「正しい姿勢」について

「正しい姿勢」の文化的特性であるが、結論から言えば、これは食の獲得にかかわる生産労働の運動形態と密接なかかわりがある、と筆者は考えている。人類の歴史を振り返ると、支配階級や都市に住むブルジョアを除くほとんどの人々は、食の獲得に関する生産労働に従事してきた。競技スポーツほどダイナミックではないにせよ、狩猟、牧畜、農耕、稲作といった日々の労働は、それぞれ固有の運動形態にしたがって、労働者の体型をそれぞれに形作る。泥濘に足を踏ん張り、一つ一つの手で稲を植え続ける水田稲作と、馬にまたがり、あるいは徒歩で、何十頭もの牛や羊を追い掛け回す牧畜労働とでは、その運動形態にしたがって、まったく異なる身体が形作られるだろう。
家畜の肉や乳製品を主食としてきた民族と、野菜や穀類を主食とする民族とでは、消化器官や循環機能、皮膚の質感から体臭までもがまったく違った特徴になるだろう、食事の作法や椅子座、床座といった生活上の基本姿勢についても、おそらく食べることと、生きることとの必然から生まれた秩序が、一連の形式となって、社会を支えてきたに違いない。
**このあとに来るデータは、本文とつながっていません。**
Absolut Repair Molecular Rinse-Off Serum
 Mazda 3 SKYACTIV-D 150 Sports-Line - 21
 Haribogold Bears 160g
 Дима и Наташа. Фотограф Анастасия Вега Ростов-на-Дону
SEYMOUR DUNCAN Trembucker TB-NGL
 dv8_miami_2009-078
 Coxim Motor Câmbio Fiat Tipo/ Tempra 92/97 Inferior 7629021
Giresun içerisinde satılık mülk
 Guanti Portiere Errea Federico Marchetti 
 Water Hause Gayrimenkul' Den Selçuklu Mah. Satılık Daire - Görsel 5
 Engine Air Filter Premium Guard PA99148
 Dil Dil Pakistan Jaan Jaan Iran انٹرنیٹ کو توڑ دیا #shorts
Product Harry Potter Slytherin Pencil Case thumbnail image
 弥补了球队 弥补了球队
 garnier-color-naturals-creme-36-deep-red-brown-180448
このように身体は自然環境と社会環境との歴史的蓄積によって形作られていて、それぞれの文化にはそれぞれの身体の理想像がある。陸上選手にとっての「正しい姿勢」と相撲取りにとっての「正しい姿勢」とが同じではないように、あるいはクラシックバレエと日本舞踊の基本姿勢とが異なるように、それぞれの文化圏にはそれぞれの自然にかなった体の理想像が存在する。